So, what have I learned from this experience? That I really need to learn to trust more and to have more patience. Wait, I already knew that. No, what I REALLY learned was that, when some avid gardener, who has far more expertise than I will ever have, says that "you can plant peas as soon as the soil is pliable," what they really mean is that it needs to be WARM enough outside to make regular earth soil pliable. Because it isn't the soil's pliability, as much as it is the temperature of the soil surrounding the seed, that helps it to grow (and to pop out of the soil when it feels warm and safe enough). I know, this realization is probably nothing new for most of you, but I am still learning and I am just happy to see that all of the work I put forth (about 6 weeks ago) is finally starting to pay off. I feel pretty dang good right now. In fact, I feel rejuvenated just by the sight of all of those little guys poking up through my soil out there....

~.~ the purple sprout

Saturday, March 20, 2010

Baskets & Pots

I have always loved baskets and pots....always. I like the way that greenery in baskets looks, but I haven't done a whole lot with houseplants for a number of years. This year, I found myself bringing several new plants home one afternoon (some people bring home stray dogs and cats, for me it's picture frames, unique pots, and plants). One of the reasons I hadn't owned any houseplants in so many years was the fact that it is SUCH a pain to take them over to the sink and soak them, and then wait for them to drain, and move on to the next plant, and the next, and the get the picture. So, this year, when I got the buying-houseplants bug, I decided that I would experiment and see how well these guys would do in baskets and non- draining pots. Keep your fingers crossed.

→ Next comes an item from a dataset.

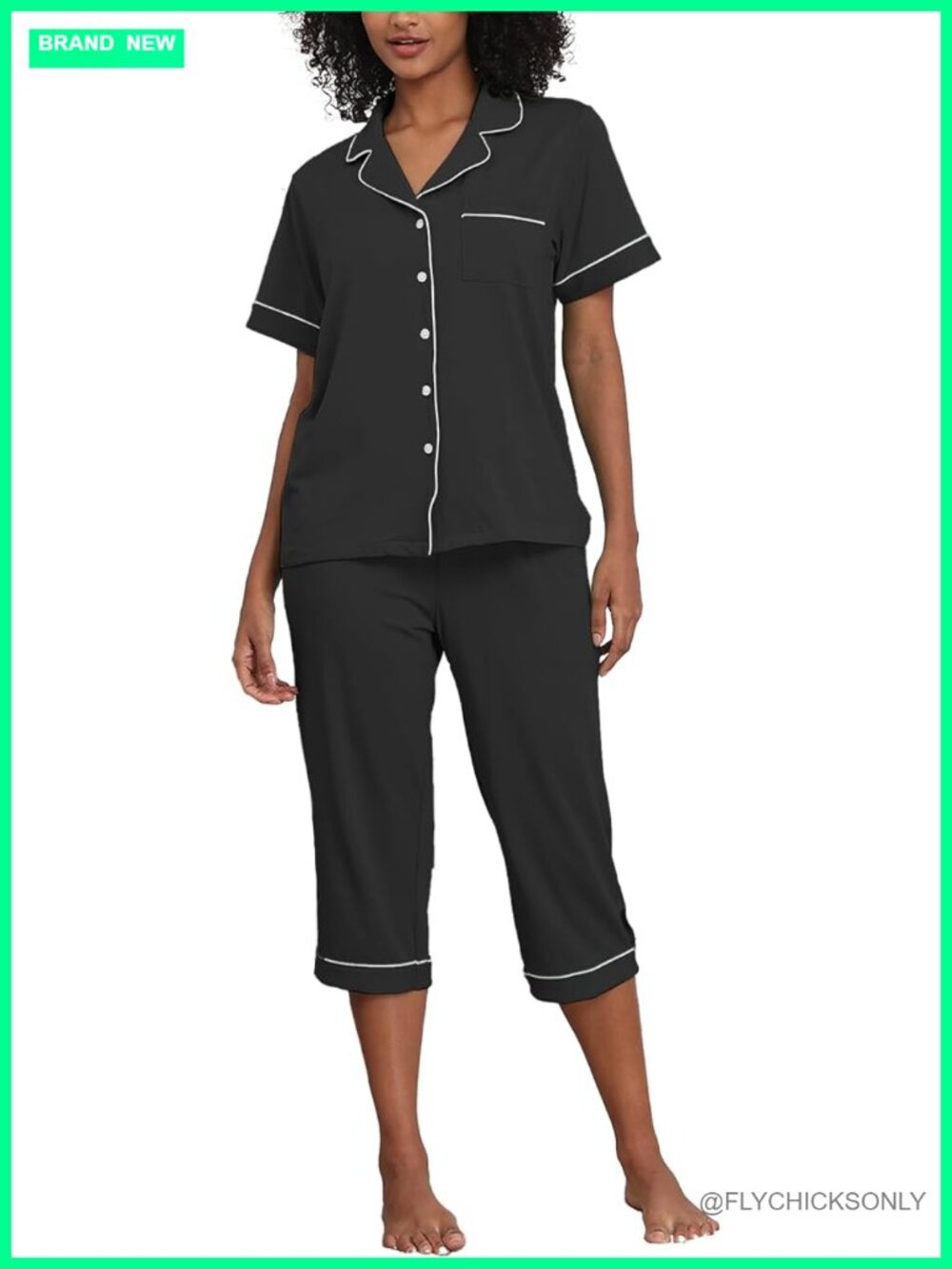 Women's 2 Piece Cotton Modal Pajama Set Short Sleeve Capri Pants Lounge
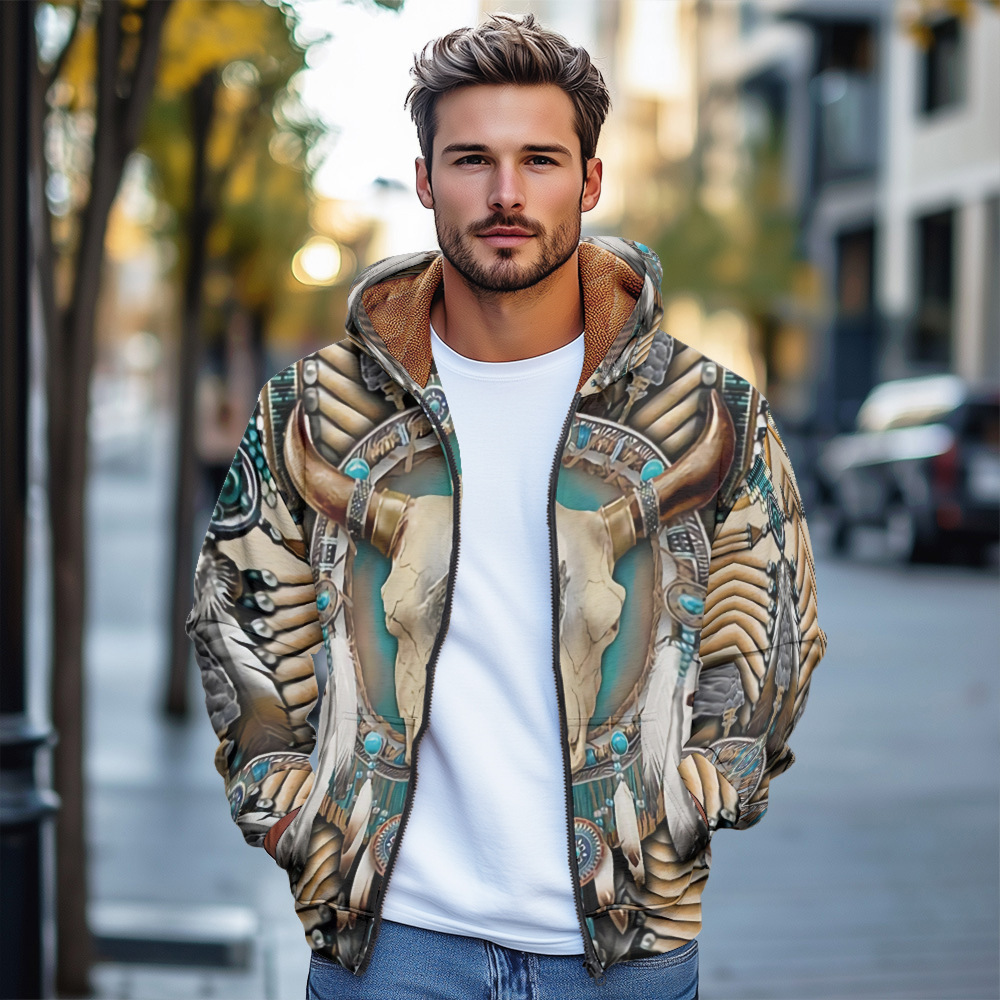 Alta calidad otoño e invierno suéter con capucha para hombre tendencia 3d animal estampado con capucha con cremallera chaqueta MF12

Supplies, supplies, supplies!

I purchased some organic potting soil, pea gravel (for drainage in the bottoms of pots-didn't have any shards this time), and some 4 ml. plastic sheeting.

Then I decided which plants would go where.

I began with my baskets. With this one, it was wide enough that I could plant an arrangement of five plants.

I pulled the plastic sheeting (painter's drop cloth) through the basket and pushed it down snugly into the basket.

Making sure I had about a foot of clearance on each side, I cut the plastic sheeting.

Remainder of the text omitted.